Project 12: Digital Theremin

Build a touchless digital theremin that uses capacitive sensing for pitch/volume and generates real-time audio.

Quick Reference

Attribute Value
Difficulty Level 3: Advanced
Time Estimate 2-3 weeks
Main Programming Language C
Alternative Programming Languages MicroPython
Coolness Level Level 4: Musical Magic
Business Potential 3. The “Interactive Art” Tier
Prerequisites ADC basics, PWM, signal timing
Key Topics Capacitive sensing, audio synthesis, PWM/DAC output

1. Learning Objectives

By completing this project, you will:

  1. Implement capacitive sensing using RC timing.
  2. Convert sensor values to pitch and volume.
  3. Generate audio waveforms in real time.
  4. Output audio via PWM or DAC with filtering.
  5. Smooth jitter to produce stable tones.

2. All Theory Needed (Per-Concept Breakdown)

2.1 Capacitive Sensing with RC Timing

Fundamentals

Capacitive sensing measures changes in capacitance caused by a nearby hand. An RC circuit’s time constant changes with capacitance, allowing you to measure proximity by timing how long it takes to charge or discharge.

Deep Dive into the concept

A simple capacitive sensor uses a resistor and a conductive pad. The pad’s capacitance increases when a hand approaches, slowing the charge time. You can measure this by toggling a GPIO pin and timing how long it takes for another pin to reach a threshold. The RP2040 can do this with precise timers or PIO. Noise is a major challenge: environmental changes, humidity, and body coupling affect readings. You must calibrate a baseline at startup and apply filtering to smooth jitter. The sensor should be stable but responsive; typical update rates are 50-200 Hz. Shielding and stable wiring improve results. This project uses two sensors (pitch and volume), so you must ensure they do not interfere with each other.

How this fits on projects

Capacitive sensing drives §3.2 requirements and §5.10 Phase 1.

Definitions & key terms

  • RC time constant -> R * C, controls charge rate
  • Baseline -> reference value for no hand present
  • Threshold -> point at which a voltage is considered “charged”

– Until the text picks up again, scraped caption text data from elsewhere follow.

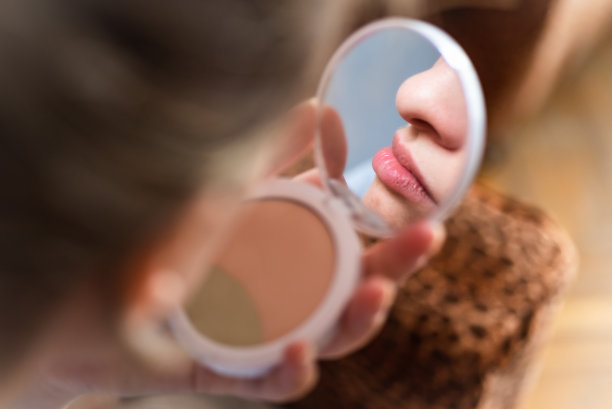 年轻女子化好妆，对着镜子看着自己的嘴唇图片下载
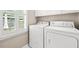 Bright laundry area with modern washer/dryer appliances and extra upper storage cabinets at 608 Driftwood Dr, Gibsonville, NC 27249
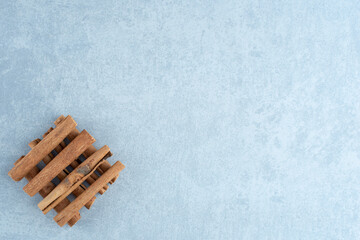 Cinnamon sticks in a pile on blue background
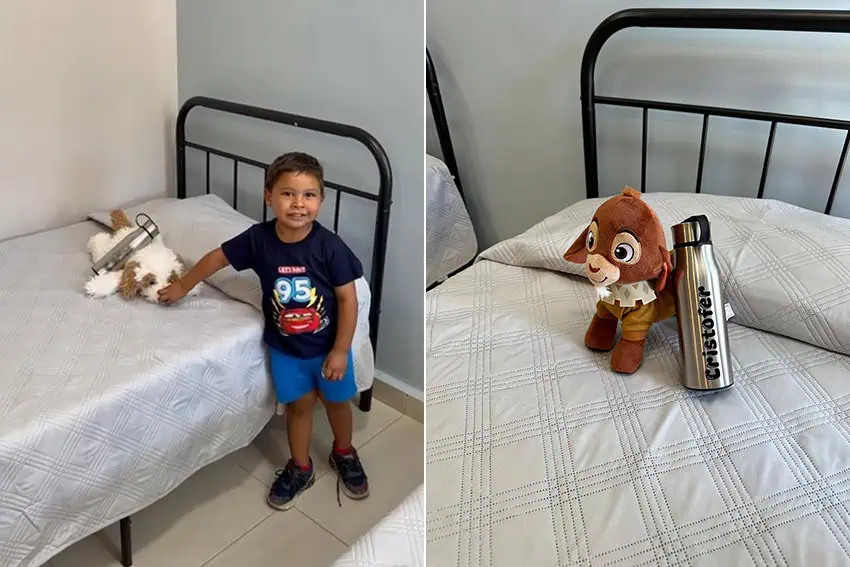 A child stands next to a bed with a water bottle and toy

Mental model diagram (ASCII)

GPIO -> [R] -> Sensor Pad -> GND
         ^ measure charge time

How it works (step-by-step)

  1. Discharge sensor pad.
  2. Start timing and charge through resistor.
  3. Detect when input crosses threshold.
  4. Map time to distance.

Minimal concrete example

gpio_put(drive, 1);
uint32_t t = time_us_32();
while (!gpio_get(sense)) {}
uint32_t dt = time_us_32() - t;

Common misconceptions

  • “Capacitive sensing is precise” -> it’s noisy and environment-dependent.
  • “No calibration needed” -> baseline drift is significant.

Check-your-understanding questions

  1. Why does capacitance affect charge time?
  2. How do you calibrate a baseline?
  3. What causes jitter in readings?

Check-your-understanding answers

  1. More capacitance increases RC time constant.
  2. Sample initial readings and set as reference.
  3. Environmental noise, EMI, and hand movement.

Real-world applications

  • Touchless controls, touchpads, proximity sensors.

Where you’ll apply it

References

  • Capacitive sensing app notes

Key insights

Capacitive sensing is timing-based and must be filtered for stability.

Summary

Measure RC charge time and apply calibration to sense proximity.

Homework/Exercises to practice the concept

  1. Measure baseline charge time in different rooms.
  2. Compare different resistor values for sensitivity.

Solutions to the homework/exercises

  1. Values drift with humidity and nearby objects.
  2. Higher resistance increases sensitivity but slows response.

2.2 Waveform Synthesis and Pitch Mapping

Fundamentals

A theremin generates sound by outputting a waveform at a frequency determined by hand position. Mapping sensor values to musical pitch requires scaling and often logarithmic mapping.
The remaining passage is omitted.